Event Type	Status Value	Probability Weight	Follows	Delay Range	Description
NEW	`pending`	100% (initial)	-	0 days	Patient symptomatic, test administered, awaiting result
UPDATED	`confirmed`	40%	`pending`	1 - 14 days	Positive test result returned
UPDATED	`negative`	55%	`pending`	1 - 14 days	Negative test result returned
UPDATED	`probable`	5%	`pending`	1 - 14 days	Probable case, clinical diagnosis without conclusive test
UPDATED	`recovered`	85% of confirmed	`confirmed`	7 - 30 days	Patient recovered and released
UPDATED	`dead`	2% (age < 60), 8% (age ≥ 60)	`confirmed`	5 - 25 days	Patient deceased
UPDATED	`hospitalized`	13% of confirmed (remainder)	`confirmed`	2 - 10 days	Patient hospitalized, outcome pending further events
Output Field Reference
`event_id`		UUID v4 - unique per event record
`patient_id`		UUID v4 - consistent across all events for same patient
`event_type`		`NEW` or `UPDATED`
`status`		One of: `pending`, `confirmed`, `negative`, `probable`, `recovered`, `dead`, `hospitalized`
`patient.first_name`		Synthesized from embedded dictionary (~200 entries)
`patient.last_name`		Synthesized from embedded dictionary (~200 entries)
`patient.age`		Weighted normal distribution, μ = 45, σ = 18, clamped 1 - 99
`patient.gender`		`M`, `F`, or `X` (weighted 48/48/4)
`patient.phone`		US format: `(XXX) XXX-XXXX`
`location.city`		From embedded US city list (~120 entries)
`location.state`		US state abbreviation
`location.zip`		5-digit code matching state range
`timestamp`		ISO 8601 within configured date range
`symptomatic`		Boolean - 70% true for confirmed, 30% for negative

Frequently Asked Questions

Every patient receives a stable patient_id (UUID v4) at creation. The NEW event is always generated first with status pending. Subsequent UPDATED events reference the same patient_id and carry monotonically increasing timestamps. The generator processes all lifecycle stages for a patient before moving to the next, so piping the output preserves causal ordering. If you shuffle the output, you can re-sort by patient_id then timestamp to restore the correct event sequence.

The second-tier transitions (recovered, dead, hospitalized) apply only to patients whose first UPDATED status is confirmed (approximately 40% of all patients). Among those, the fatality rate is age-dependent: 2% for age < 60, 8% for age ≥ 60. The hospitalized category captures the remainder after subtracting dead and recovered percentages. This means roughly 13% of confirmed cases appear as hospitalized with no final resolution, simulating an open-ended data stream where not all outcomes are reported.

Yes.

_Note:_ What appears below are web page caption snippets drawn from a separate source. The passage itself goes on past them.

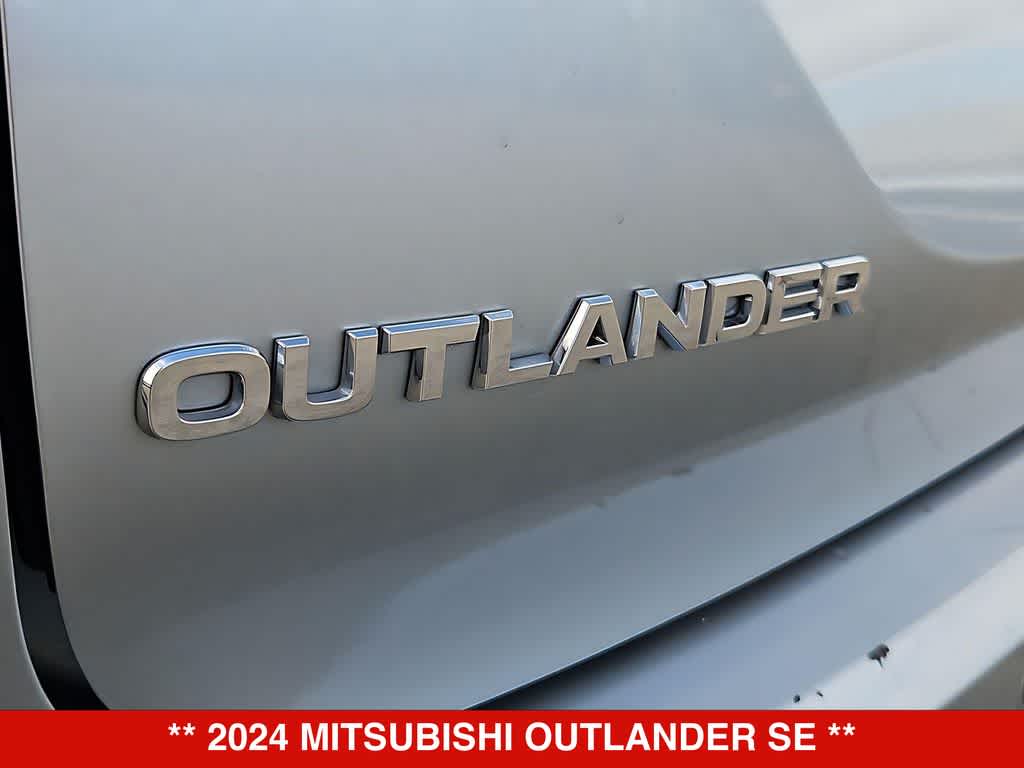 Thumbnail: 2024 Mitsubishi Outlander - 13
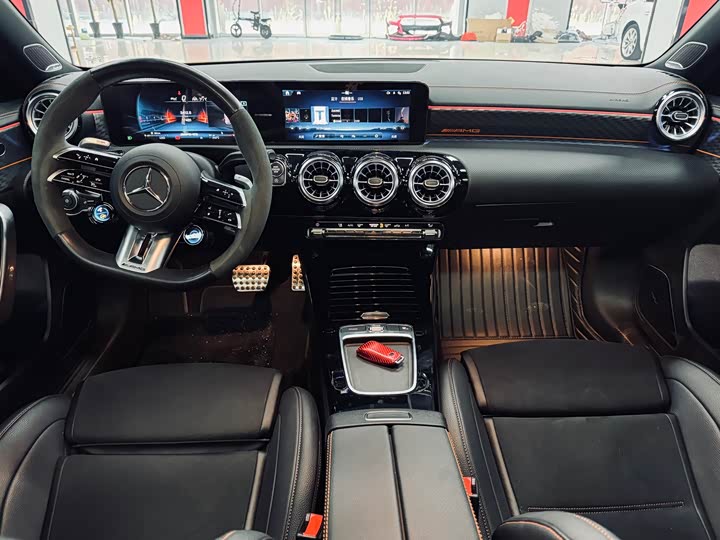 Фото 29 - Mercedes-Benz A-Class AMG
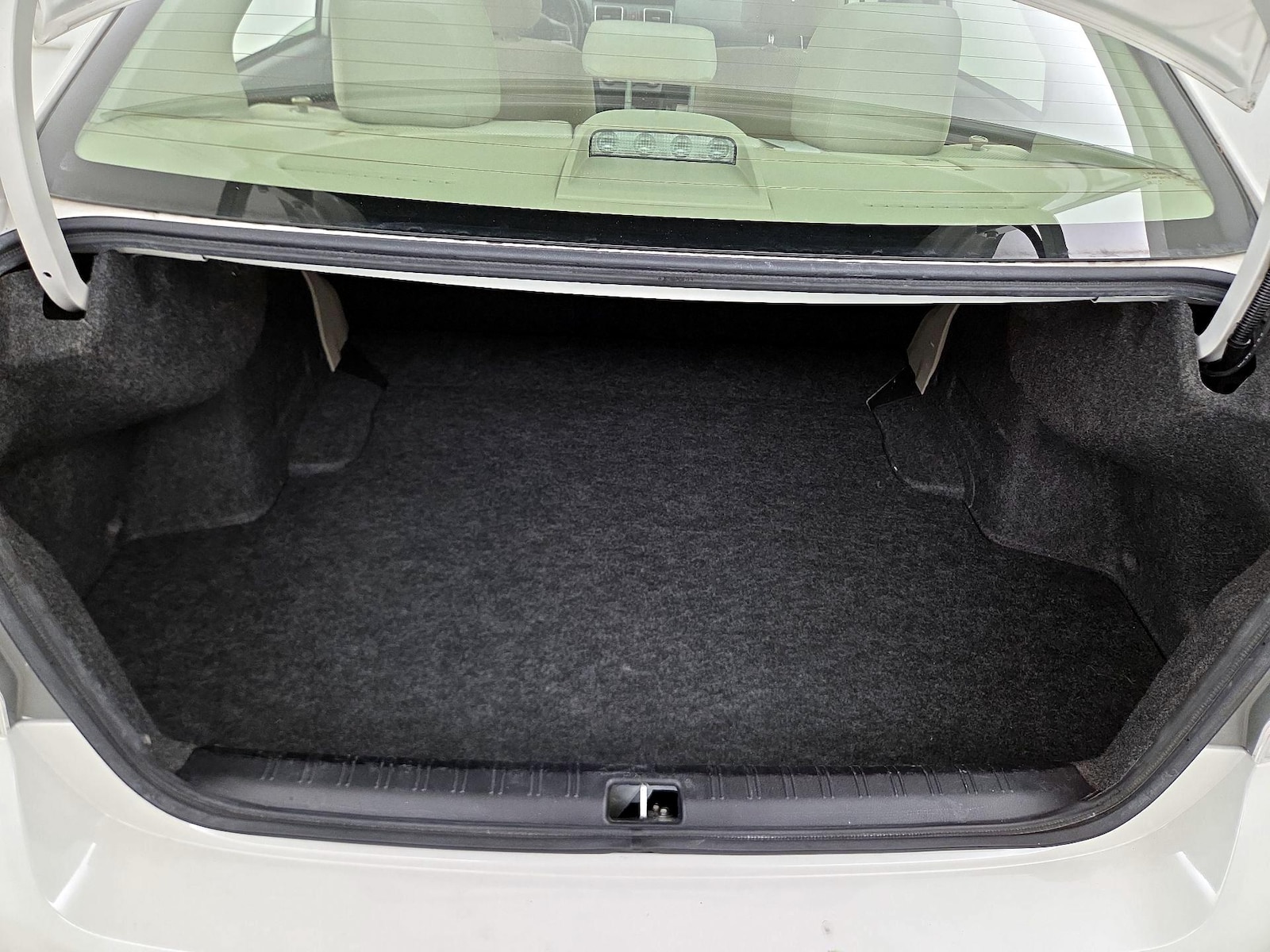 2016 Subaru Impreza Premium - Photo 20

The NDJSON (Newline Delimited JSON) format produces one valid JSON object per line with no wrapping array brackets. This is the standard input format for kafka-console-producer, jq streaming mode (jq -c "."), and curl POST loops. The JSON Array format is better suited for file-based import into databases or REST API bulk endpoints. Copy the output or download the file and pipe it directly.

Phone numbers follow the US format (XXX) XXX-XXXX with area codes drawn from a realistic range (200-999, excluding reserved prefixes like 555). ZIP codes are generated within plausible ranges for each state (e.g., New York ZIPs start with 100xx-149xx). They are structurally valid but not guaranteed to correspond to real addresses. For privacy reasons, no real PII is embedded in the dictionaries.

Generation above 500 events is offloaded to a Web Worker to prevent UI freezing. The progress bar updates in real time. The practical upper limit is around 100,000 events before browser memory constraints on the resulting string become a concern (approximately 80MB of JSON). For very large datasets, download the file rather than previewing in-browser, as rendering large text blocks into the DOM is the bottleneck, not generation itself.

The start and end dates define the window for NEW event timestamps. Each NEW event receives a random timestamp within this range. Subsequent UPDATED events are offset forward by their delay range (1 - 14 days for test results, 5 - 30 days for outcomes). This means UPDATED events can have timestamps that exceed the configured end date, which mirrors real-world data where a test administered on the last day of a reporting period returns results days later.